From my earliest childhood, I have always had an exceptionally strong imagination. It has allowed me to be visionary and creative, but it has also been hijacked by my flesh, generating a lot of fear and worry. From my perspective, these two things are the fruit of having my inner eyes hijacked by my flesh, seeing what it projects for me to see. This has been a constant battle and will not cease until my flesh is finally laid aside.
Fear and worry are the effects of the negative meditation of my mind’s eye. When we are afraid it is because we imagine what will happen based upon something that has happened in the past. We picture it, roll it around in our minds, over and over again, until our bodies react as if it what we are imagining was real.

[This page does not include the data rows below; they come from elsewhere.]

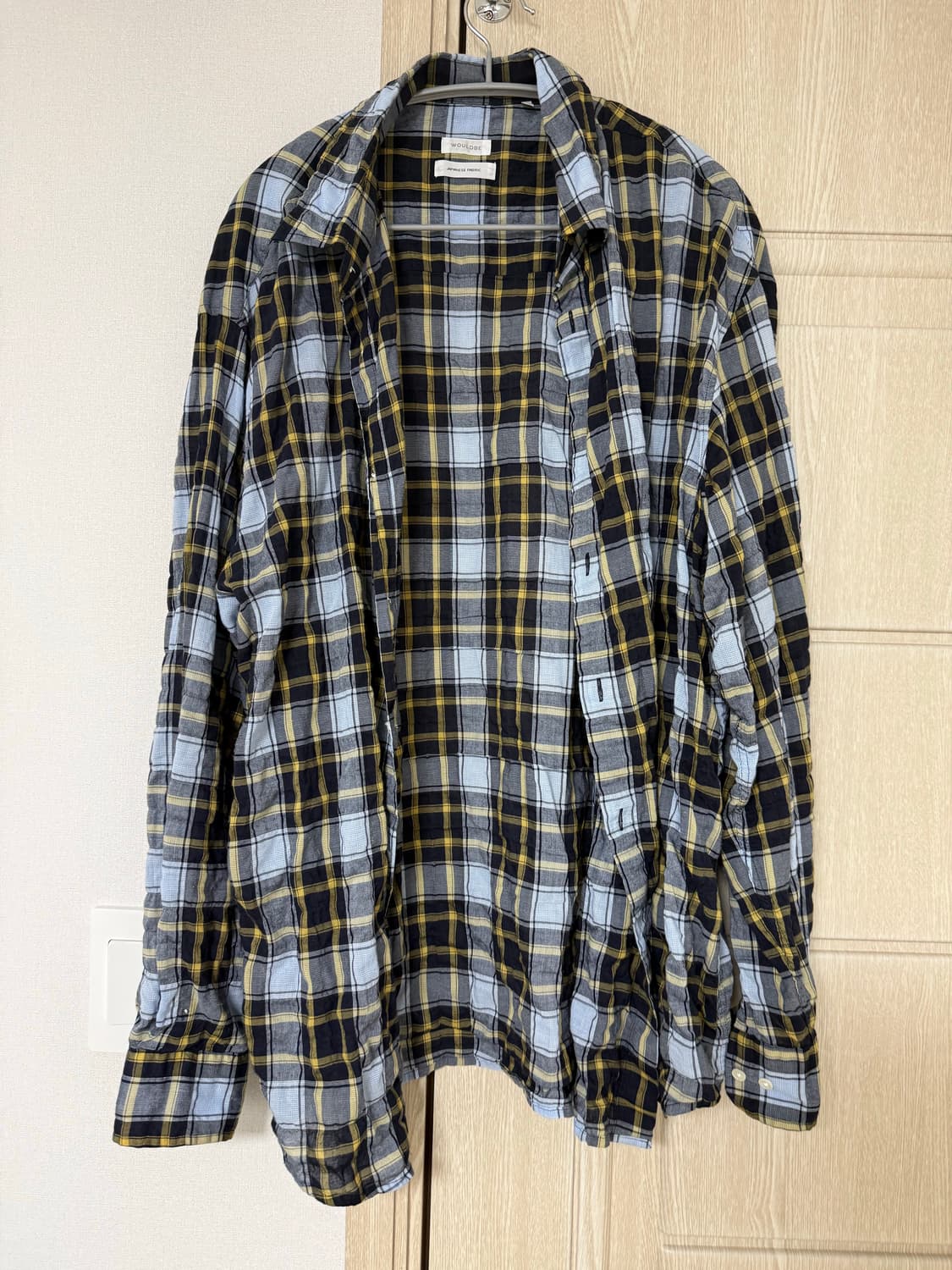 우드비 링클 체크셔츠 2사이즈 상품이미지2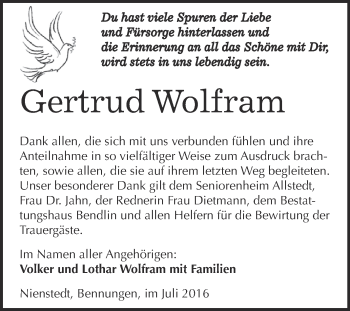 Traueranzeige von Bärbel Ullrich von Mitteldeutsche Zeitung Sangerhausen
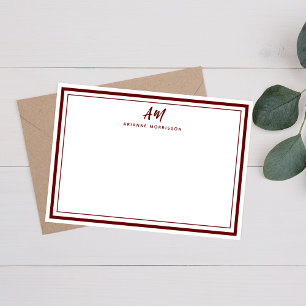 Minimalist Monogram Thin & Thick Maroon Border Note Card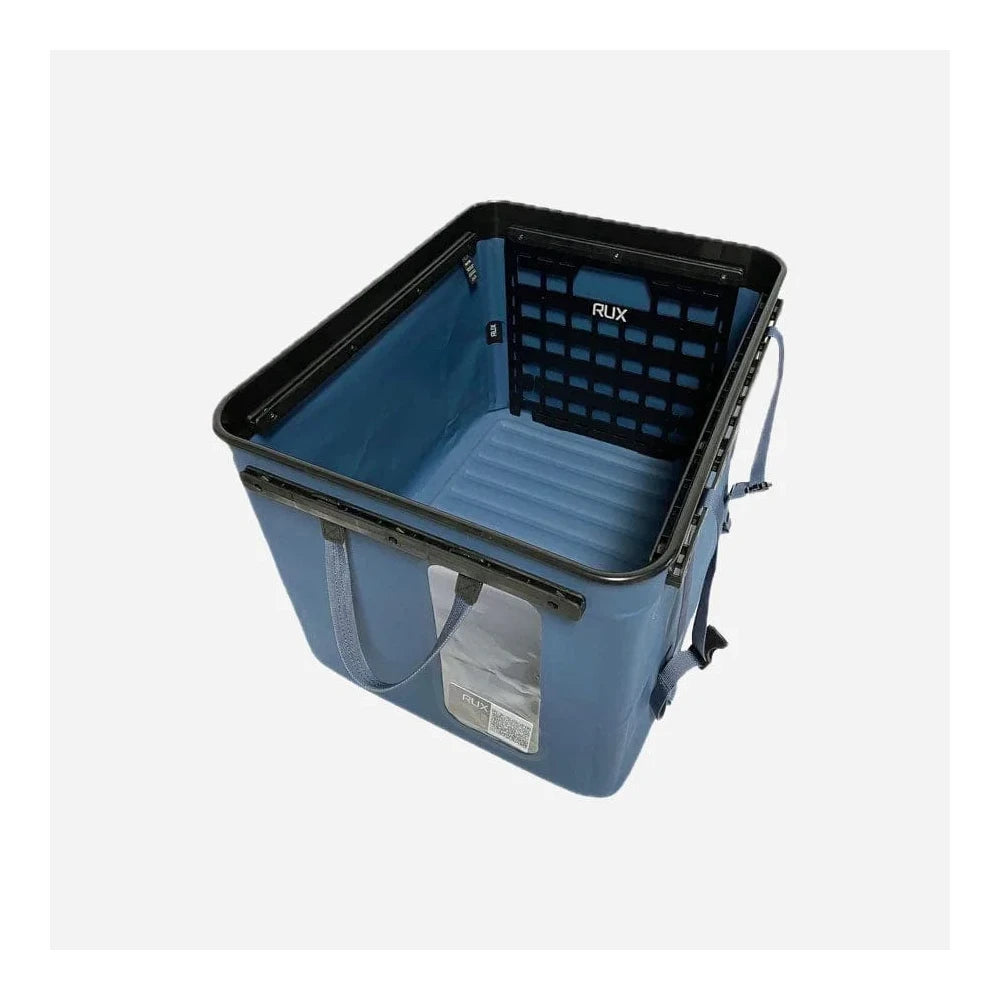 Rux Molle Panel mounted on exterior of blue storage box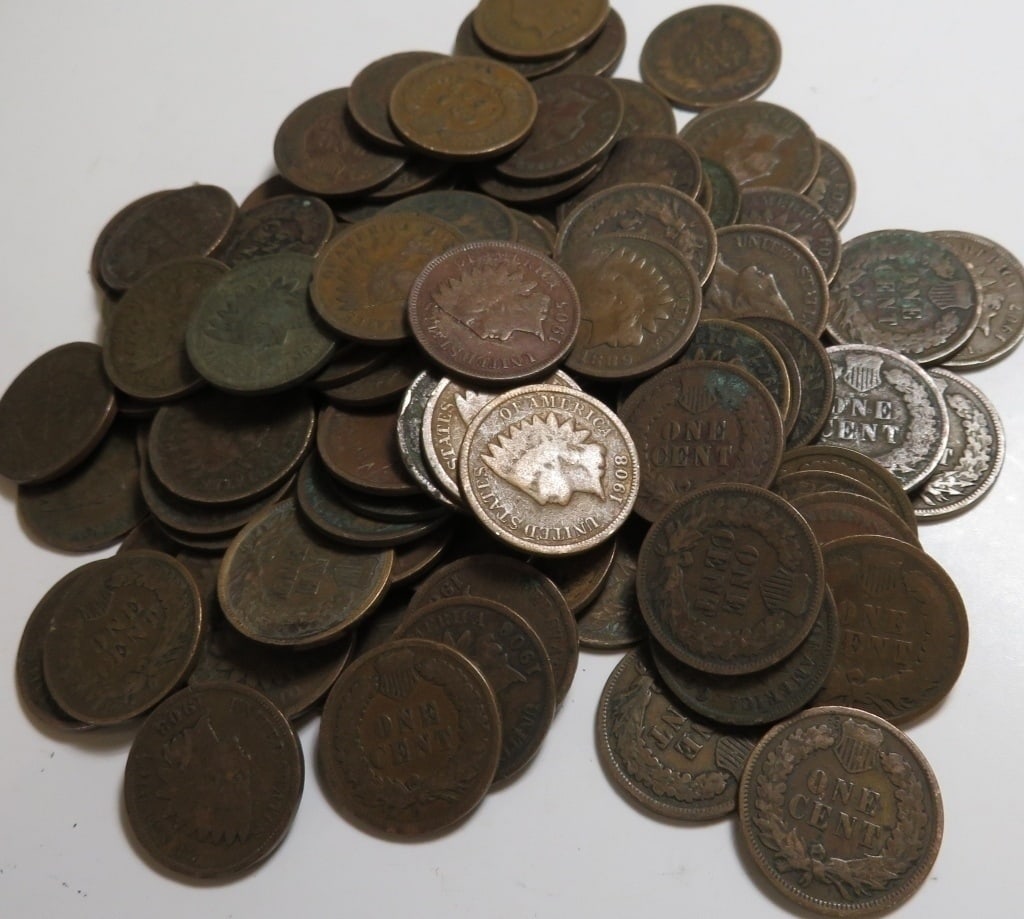 (40) Random Date and Grade Indian Head Cents: Items will be as shown in the image- A mixed date and grade lot. Please review the entire terms and conditions prior to placing any bids-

The eyes of our heart were designed to help us walk this life of faith and grasp godly vision, which I have been experiencing since the first moment Jesus stepped into my life. I have not had the privilege of seeing Jesus with my physical eyes but have often seen Him with the eyes of my heart. I can easily envision Him as I meditate upon the Four Gospels, picturing everything He said and did. My inner vision of Him has been so real and inspiring that it makes any movie version of Him disappointing by comparison. I have also seen Him portrayed in the preaching of others, which is mainly how the Galatians saw Him:
O foolish Galatians! Who has bewitched you that you should not obey the truth, before whose eyes Jesus Christ was clearly portrayed among you as crucified? (Galatians 3:1)
Something else was vying for their eyes. They were being bewitched just as Eve had been—through their inner eyes.